A faint flash of resentment at his humor sparked in her eyes, and Miles bit his tongue. It was no laughing matter to haut Rian Degtiar.
"The Celestial Lady knew her time was drawing near. She made me and the Ba Lura the executors of her will in this matter. We were to deliver the copies of the gene bank to each of the eight satrap governors upon the occasion of her funeral, which they would be certain to all attend together. But . . . she died more suddenly than she had expected. She had not yet made arrangements for the duplication of the Great Key. It was a problem of considerable technical and cipher skill, as all of the Empire's resources went into its original creation. Ba Lura and I had all her instructions for the banks, but nothing for how the key was to be duplicated and delivered, or even when she had planned this to happen. The Ba and I were not sure what to do."
"Ah," Miles said faintly.
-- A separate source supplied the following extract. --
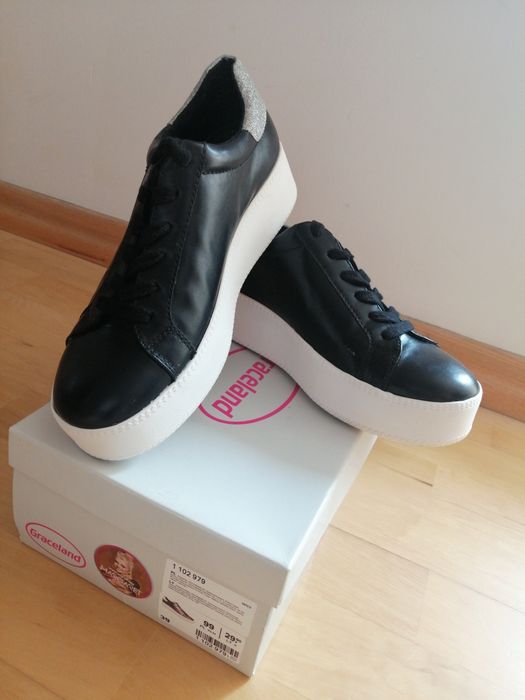 Buty na grubej podeszwie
He dared not offer any comment at all, for fear of impeding the free flow, at last, of information. He hung on her words, barely breathing.
"Ba Lura thought … if we took the Great Key to one of the satrap governors, he might use his resources to duplicate it for us. I thought this was a very dangerous idea. Because of the temptation to take it exclusively for himself."
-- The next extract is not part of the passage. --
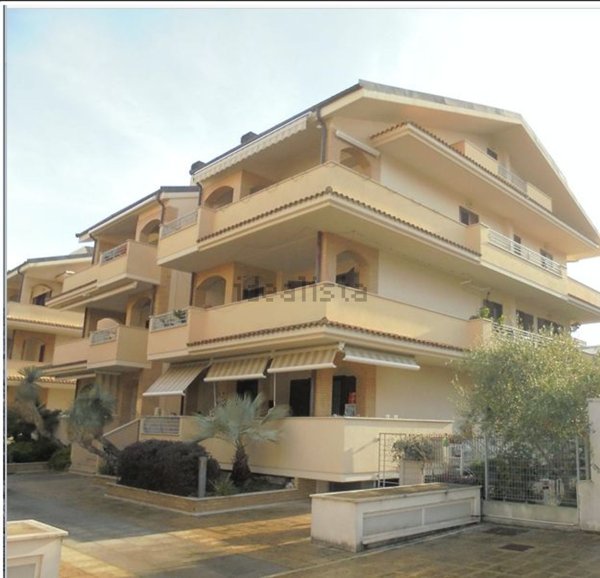appartamento in vendita a Silvi in zona Silvi Marina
"Ah . . . excuse me. Let me see if I follow this. I know you consider the haut gene bank a most private matter, but what are the political side-effects of setting up new haut reproductive centers on each of Cetaganda's eight satrap planets?"
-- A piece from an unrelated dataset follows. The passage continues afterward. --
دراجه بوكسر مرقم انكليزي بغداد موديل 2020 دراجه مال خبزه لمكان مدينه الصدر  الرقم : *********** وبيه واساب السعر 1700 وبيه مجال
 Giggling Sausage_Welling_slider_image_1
"The Celestial Lady thought the empire had ceased to grow at the time of the defeat of the Barrayar expedition. That we had become static, stagnant, enervated. She thought … if the empire could only undergo mitosis, like a cell, the haut might start to grow again, become re-energized. With the splitting of the gene bank, there would be eight new centers of authority for expansion."
"Eight new potential Imperial capitals?" Miles whispered.
"Yes, I suppose."
Eight new centers . . . civil war was only the beginning of the possibilities. Eight new Cetagandan Empires, each expanding like killer coral at their neighbors' expense … a nightmare of cosmic proportions. "I think I can see," said Miles carefully, "why perhaps the Emperor was less than enthused by his mother's admittedly sound biological reasoning. Something to be said on both sides, don't you think?"
"I serve the Celestial Lady," said the haut Rian Degtiar simply, "and the haut genome. The Empire's short-term political adjustments are not my business."
"So all this, ah, genetic shuffling . . . would the Cetagandan Emperor, by chance, regard this as treason on your part?"
"How?" said the haut Rian Degtiar. "It was my duty to obey the Celestial Lady."
"Oh."
"The eight satrap governors have all committed treason in it, though," she added matter-of-factly.
"Have committed?"
"They all took delivery of their gene banks last week at the welcoming banquet. Ba Lura and I succeeded in that part of the Celestial Lady's plan, at least."
"Treasure chests for which none of them have keys."
"I … don't know. Each of them, you see . . . the Celestial Lady felt it would be better if each of the satrap governors thought that he alone was the recipient of the new copy of the haut gene bank. Each would strive better to keep it secret, that way."